Three information scientists at the Université du Québec à Montréal are claiming that digital journal publication has resulted in a weakening relationship between the article and the journal in which it is published. They also claim that highly-cited articles are increasingly being found in non-highly-cited journals, resulting in a slow erosion of the predictive value of the journal impact factor.

Their article, “The weakening relationship between the Impact Factor and papers’ citations in the digital age,” by George Lozano and others, was published in the October issue of the *Journal of the American Society of Information Science and Technology (JASIST)*. Their manuscript can be also be found in the arXiv.

The paper continues a controversy between those who believe that digital publishing is narrowing the attention of scientists and those who believe it is expanding it. There are theories to support each viewpoint.

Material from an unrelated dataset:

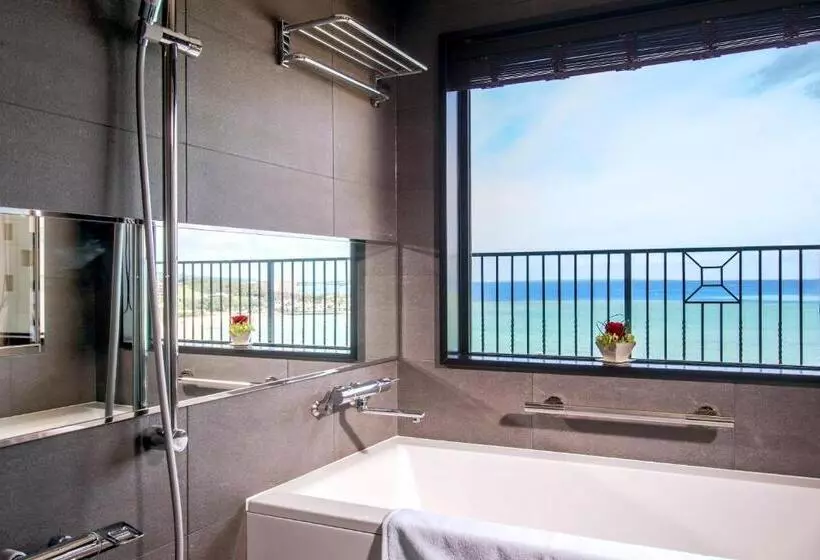 オーシャンビュースタンダードルーム, Monterey Okinawa Spa & Resort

As it requires access to a huge dataset of citation data in order to answer the hypothesis — data that greatly exceeds most of our abilities to acquire and process — we need to focus on evaluating the specific methods of each paper. Different kinds of analysis can return very different results, especially if the researchers violate the assumptions behind statistical tests. Large observational studies with improper controls may detect differences that are the result of some other underlying cause.

No study is perfect, but the authors need to be clear what they cannot conclude with certainty.

The Lozano paper is based on measuring the relationship between the citation performance of articles against the impact factor of their journal. The authors do this by calculating the coefficient of determination (R^{2}), which is used to measure the goodness of fit between a regression line and the data it attempts to model. Lozano repeats this calculation for every year from 1900 to 2011, plotting the results and then attempting to fit a new regression line through these values.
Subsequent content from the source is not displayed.